It has been proved by a new ethnographic study that, through unspoken and sometimes unintentional behaviours in the home, certain aspects of knowing about a parent's or grandparent's Holocaust experiences and traumas are transmitted to other members of the family.
Lead researcher Dr. Carol Kidron, an anthropologist at the University of Haifa, says that this leads to a "knowledge" and presence of the Holocaust that, despite remaining unspoken, contributes to the life experiences and constitutes the personality of the person exposed to it.
During the study, the researchers interviewed 55 children of Holocaust survivors, and found the large majority to reveal that their only knowledge of their parents' Holocaust experiences were transmitted to them via silent, taken-for-granted everyday interpersonal interaction.
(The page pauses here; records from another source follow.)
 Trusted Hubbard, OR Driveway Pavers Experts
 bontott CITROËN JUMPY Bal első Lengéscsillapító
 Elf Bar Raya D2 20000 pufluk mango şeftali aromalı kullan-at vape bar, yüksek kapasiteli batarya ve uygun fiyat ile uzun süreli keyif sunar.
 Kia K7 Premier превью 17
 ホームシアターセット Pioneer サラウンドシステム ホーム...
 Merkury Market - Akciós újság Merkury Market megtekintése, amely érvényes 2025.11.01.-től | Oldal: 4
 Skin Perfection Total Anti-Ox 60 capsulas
According to them, the children were able to get a sense of their parents' experiences through the unspoken.
One recalled hearing a parent's nightly cries. Another remembered wondering about the numbers branded on a parent's arm, and others described watching their parents reminiscing or looking through old photographs or memorabilia.
Contrary to previous studies that suggested that the children of Holocaust survivors suffer effects of posttraumatic stress disorder (PTSD), Dr. Kidron concluded that 80 percent of the interviewees in the current study did not perceive themselves as suffering from such effects.
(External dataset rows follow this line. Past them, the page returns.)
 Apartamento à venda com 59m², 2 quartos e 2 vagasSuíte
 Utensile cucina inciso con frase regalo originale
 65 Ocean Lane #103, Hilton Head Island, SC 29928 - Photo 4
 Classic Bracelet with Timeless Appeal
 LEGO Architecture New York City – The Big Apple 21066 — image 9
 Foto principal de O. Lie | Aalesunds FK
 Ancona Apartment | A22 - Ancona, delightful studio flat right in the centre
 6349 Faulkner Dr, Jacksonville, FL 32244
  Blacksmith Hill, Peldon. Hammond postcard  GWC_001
Moreover, the "knowledge", the silent day-to-day presence of Holocaust memories that the descendents of Holocaust survivors gleaned, sufficed: As children, they frequently felt no need to question their parents in depth.
A prominent 95 percent of the interviewees assured that they were not interested in telling the story of their parents' Holocaust experiences in the public domain, or their own.
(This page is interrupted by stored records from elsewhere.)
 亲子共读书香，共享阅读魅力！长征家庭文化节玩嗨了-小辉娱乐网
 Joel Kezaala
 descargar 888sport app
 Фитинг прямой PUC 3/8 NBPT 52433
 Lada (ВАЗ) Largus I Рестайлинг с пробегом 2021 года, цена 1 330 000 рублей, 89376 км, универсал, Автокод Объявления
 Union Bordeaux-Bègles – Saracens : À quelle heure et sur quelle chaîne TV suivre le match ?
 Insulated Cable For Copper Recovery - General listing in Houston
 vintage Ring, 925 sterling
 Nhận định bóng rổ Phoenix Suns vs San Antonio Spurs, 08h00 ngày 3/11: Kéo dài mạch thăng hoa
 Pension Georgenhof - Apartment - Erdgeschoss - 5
"By forming an experiential matrix, these silent traces maintain an intimate and nonpathological presence of the Holocaust death-world in the everyday life-world," Dr. Kidron said.
According to the researcher, the findings of this study contrast the common belief that a survivor's silence results in a damaged relationship with his or her children, or in the absence of an inter-generational Holocaust legacy transmitted to the second generation.
It is precisely the presence of the Holocaust past in everyday silent interaction, rather than the vocal transmission of Holocaust testimony or history, that sustains and commemorates the genocidal past in the private familial domain.
The accounts provided by the interviewees in this study "depict the dynamic, normative, and self-imposed silent presence of the Holocaust death-world interwoven with everyday life," and indicate that children's relationships with their survivor parents were equally normative.
Dr. Kidron presented the study at a conference hosted by the University of Haifa.